Schoolchildren Claims from schoolchildren are a 'nightmare' for schools

More than £570,000 has been paid out in compensation claims to schoolchildren in Northern Ireland since 2008, new figures have revealed.

Documents from NI's education and library boards show that in one case a six-year-old boy received £70,000 after a door was closed on his thumb.

In another incident a 14-year-old was paid £62,500 when he was hurt while climbing to retrieve a football.

The figures were released to the Belfast Telegraph.

In total £578,120 was paid out by education boards between 2008-2011. The Southern Education and Library Board had the biggest bill at £245,059 for 12 claims, while the North Eastern Education and Library Board spent £129,250 on compensating injured pupils.

Teachers' unions have blamed TV advertisements for creating a "compensation culture" in Northern Ireland.

Seamus Searson of the National Association of Schoolmasters/Union of Women Teachers (NASUWT) said the claims were an "administrative nightmare" for schools.

He said he believed just 2% of claims were justified.

"When we were all youngsters we all got knocks and bangs everywhere and we didn't go out and sue everybody," he told the Belfast Telegraph.

"Accidents happened and unfortunately in the society we live in people claim for damages."

Mr Searson said boards had been forced to settle many claims out of court to avoid huge legal bills.

Mervyn Storey, the chairman of the assembly's education committee, said although some claims may have been genuine, many were not.

Compensation paid by education boards from 2008-2011

SELB - £245,059.84

SEELB - £107,000

WELB - £31,534.50

BELB - £65,276.05

NEELB and BELB - £129,250

TOTAL - £578,120.39

"This is another bill that the education and library boards have to find," he added. "There needs to be an understanding that the people who are ultimately paying for that are ourselves and the school community.

"Clearly I think there is a problem in terms of the claim culture that we have.
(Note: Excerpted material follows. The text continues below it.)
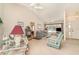 Bright living room with vaulted ceiling, neutral carpet, comfortable seating, and views of the front entryway at 18379 Edgewater Dr, Port Charlotte, FL 33948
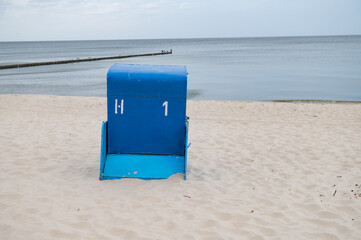 a beach chair on the sand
That is not to say there are not circumstances that the parent may feel there is a genuine grievance and that needs to be addressed."

In a statement the SELB, which paid out more than half of the total claims, said there was "no clear pattern from year to year as regards the level or type of claim".

"The board is mindful of the public purse and continually monitors its policies and procedures with a view to minimising payments. It only makes payments on receipt of legal advice," it added.